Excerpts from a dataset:
▼

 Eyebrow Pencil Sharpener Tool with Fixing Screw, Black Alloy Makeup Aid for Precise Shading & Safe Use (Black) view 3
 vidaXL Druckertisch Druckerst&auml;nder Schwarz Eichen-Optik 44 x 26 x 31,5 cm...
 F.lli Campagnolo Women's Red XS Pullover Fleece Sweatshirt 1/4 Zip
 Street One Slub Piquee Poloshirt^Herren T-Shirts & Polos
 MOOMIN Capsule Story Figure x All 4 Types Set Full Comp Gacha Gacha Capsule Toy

▲

§ **Task goal**:
For this exercise, all the data must be repeated exactly.

§ **Result**:
 Eyebrow Pencil Sharpener Tool with Fixing Screw, Black Alloy Makeup Aid for Precise Shading & Safe Use (Black) view 3
 vidaXL Druckertisch Druckerst&auml;nder Schwarz Eichen-Optik 44 x 26 x 31,5 cm...
 F.lli Campagnolo Women's Red XS Pullover Fleece Sweatshirt 1/4 Zip
 Street One Slub Piquee Poloshirt^Herren T-Shirts & Polos
 MOOMIN Capsule Story Figure x All 4 Types Set Full Comp Gacha Gacha Capsule Toy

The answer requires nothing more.